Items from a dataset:
────────────────

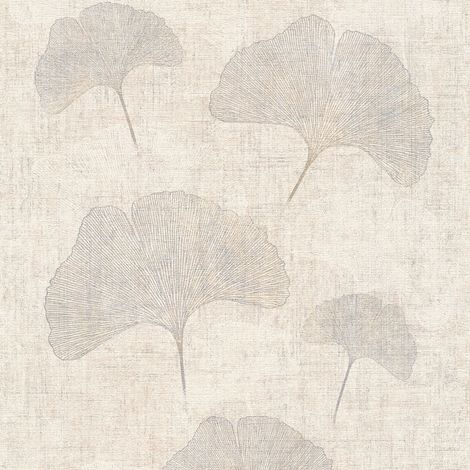 Papier peint chambre adulte & couloir | Papier peint feuille beige effet textile | Tapisserie beige motif feuille idéale cuisine - 10,05 x 0,53 m (1/5)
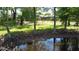 Beautiful backyard featuring a water view, lush greenery, and mature trees; peaceful outdoor space at 5701 Ainsworth W Ct, Tampa, FL 33647
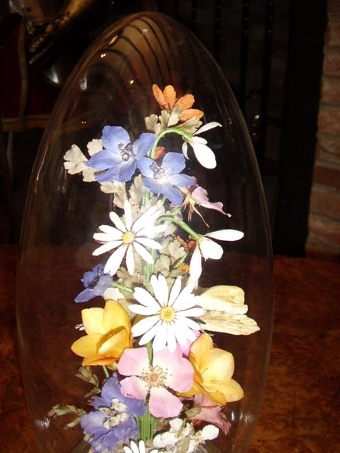 Antique GLASS DOME DISPLAY OF REAL DRIED FLOWERS WITH BUTTERFLY 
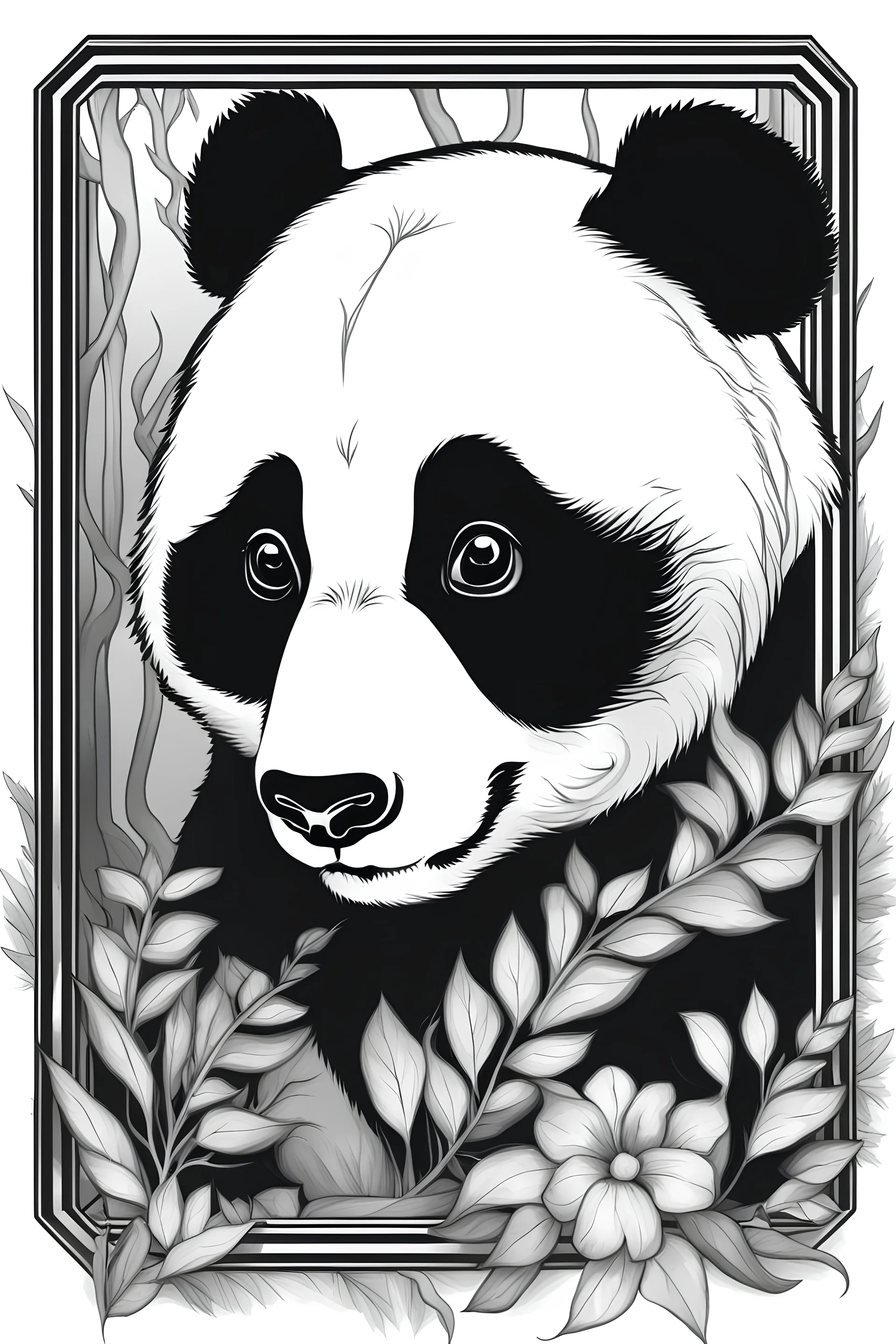 A panda with spooky, hollow eyes.no coloring, white and black,no shading, crisp lines, high detail,plain art, thick lines, simple, white background,kawaii creepy style art,b/w prompt.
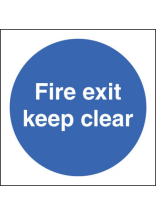 Fire Exit Keep Clear 200x200mm - Rigid Plastic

────────────────

ASSIGNMENT:
Retype the records in full. Do not carry over the images.

FINISHED TASK:
 Papier peint chambre adulte & couloir | Papier peint feuille beige effet textile | Tapisserie beige motif feuille idéale cuisine - 10,05 x 0,53 m (1/5)
 Beautiful backyard featuring a water view, lush greenery, and mature trees; peaceful outdoor space at 5701 Ainsworth W Ct, Tampa, FL 33647
 Antique GLASS DOME DISPLAY OF REAL DRIED FLOWERS WITH BUTTERFLY 
 A panda with spooky, hollow eyes.no coloring, white and black,no shading, crisp lines, high detail,plain art, thick lines, simple, white background,kawaii creepy style art,b/w prompt.
 Fire Exit Keep Clear 200x200mm - Rigid Plastic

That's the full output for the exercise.